When you start your program running Windows XP, you may encounter one of the following messages:
"Unable to execute program"
"Error Code: 0xC0150002 : The application failed to initialize properly. Click on OK to terminate the application."
Or even other messages, none of which are particularly informing about the cause of the problem.
If you are lucky, you'll come up with the idea to look into the Systems Event log (not the applications event look as somebody might guess). And yes, there may be a bit more information:
"Dependent Assembly Microsoft.VC80.CRT could not be found and Last Error was The referenced assembly is not installed on your system."

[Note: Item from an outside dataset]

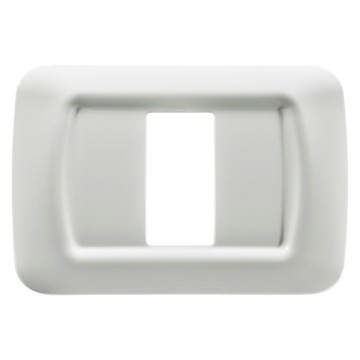 Rama 1M top alb, System, GW22501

"Component identity found in manifest does not match the identity of the component requested."
That's better, but it still doesn't tell you what version it was searching, and why it didn't use a different version, existing on the system. On a machine that I just reproduced this message, four similar versions of this very DLL exist in the side-by-side repository:
The version requested was:
I know that because I wrote the program and I inspected the manifest file used to link the program. I would, otherwise I'd have no idea what version is needed.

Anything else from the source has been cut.